Dan Perry was The Associated Press' top editor in the Middle East, based in Cairo between 2012 and 2018, and before that he led the AP in Europe and Africa from London. He is a former chairman of the Foreign Press Association in Jerusalem and author of two books about Israel. The opinions expressed in this commentary are his own. View more opinion on CNN.
(CNN)So bewildering is the rush of news around the world today, and so radical is the discourse, that sober-minded observers are often inclined to take a step back and assume all angers will subside. But it would be a mistake to be sanguine about what's happening in Israel.
Those who care about the country, a technological and military power far beyond what its close to 10 million population suggests, should understand how dire this moment is. Israel's existence is in peril — certainly as a democracy and, in the longer term, as a viable economy and Jewish state.
The context: The new far-right government of third-time Israeli Prime Minister Benjamin Netanyahu, which came to power after elections in November, is attempting to overhaul the system of checks and balances that has maintained political stability in the country. The Knesset, Israel's parliament, began debating the legislation Monday amid protests both in the chamber from opposition lawmakers and from tens of thousands outside.

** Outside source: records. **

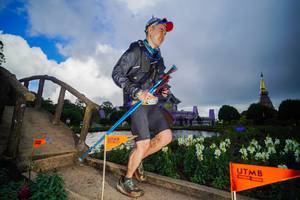 BIB: 
                            <button type="button" onclick="openModal(19230067)" class="btn btn-primary btn-sm float-right btn-popup" data-toggle="modal" data-target=".modal-high-quality">
                        <i class="fas fa-shopping-cart"></i> Add to Cart
                    </button>
                                            <button type="button" onclick="isThisMe(19230067, true)" class="btn btn-success btn-sm float-right btn-popup btn-isme hidden" data-toggle="tooltip" data-placement="bottom" title="นี่คือรูปของคุณใช่ไหม คลิกที่นี่เพื่อเอาเข้าอัลบั้ม">
                        <i class="fas fa-plus"></i> Add to album
                    </button>
                    <button type="button" onclick="isThisMe(19230067, false)" class="btn btn-warning btn-sm float-right btn-popup btn-isnotme hidden">
                        <i class="fas fa-ban"></i> Remove from album
                    </button>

The self-inflicted damage would be breathtaking. The proposed reforms would subordinate the judicial system to the executive and to the leader of the executive branch, Netanyahu, who has a conflict of interest due to his ongoing corruption trial.
(Netanyahu has repeatedly proclaimed his innocence and labeled the court proceedings against him a "witch hunt." Notably, he insisted throughout the 2022 campaign that no hasty and extreme assault on the judicial system, nor any machinations to end his trial, would take place.)
The main issue is a proposed "override clause" enabling the Knesset, which because of Israel's electoral system is an extension of the executive, to veto court decisions. Also planned is legislation enabling the government to appoint the judiciary directly and politicize the civil service.
In a country without a real constitution (instead, a series of "basic laws" that are easy to enact and alter) and with a unicameral parliament, this could easily mean the end of civil rights and minority guarantees. In other words, if a future government is not implementing dangerous abuses of power without judicial review — say, banning Palestinian or Arab citizens of Israel from voting — it would only be because it chooses not to do so.
Netanyahu and his allies argue the Israeli people have spoken. But the ruling coalition won just a thin majority (64 seats out of 120) in the Knesset, resting largely on the fact that two opposition parties — which unwisely splintered — barely missed the 3.25% threshold for getting into parliament.
Polls show only about a quarter of people want the reforms implemented. Hundreds of thousands have joined demonstrations opposing them. Opponents include not only top judicial figures but also almost all the ex-heads of the security establishment — the military, the Mossad intelligence agency, the Shin Bet domestic security service and the police. A public letter signed by 400 of these officials warned of "damage for generations."
The plans, as revealed, could go as far as to turn Israel into a Jewish version of Turkey or Hungary, authoritarian regimes led by fervent populists. After cowed courts, one could expect a muzzled media, attacks on liberal nongovernmental organizations and efforts to disenfranchise the 20% of Israeli citizens who identify as Palestinians or Arabs.
Moreover, the court system has also been the main protector from total subjugation of some 3 million West Bank and East Jerusalem Palestinians — who have been in effect ruled by Israel for 55 years and lack the right to vote. Given this, plus separate but related plans to increase Jewish settlement activity and hand most dealings with the Palestinians to the country's top nationalists, the military warns a third Palestinian uprising is imminent.
Prominent doomsayers include leading figures of the stunning technology sector, which accounts for a sixth of Israel's economy, a quarter of income tax revenue and half of exports. Hundreds of major multinationals have research centers in Israel, many of which are Fortune 500 companies. These companies — from Meta and Google to Intel and Apple — are a top driver of the economy.
S&P says the legislative reforms will negatively affect Israel's credit rating, while the former head of the Bank of Israel, a top JPMorgan Chase official, warns the country is in "danger of losing everything." Money has already begun flowing out of the country amid fears a collapse of rule of law would undermine contractual law and property rights.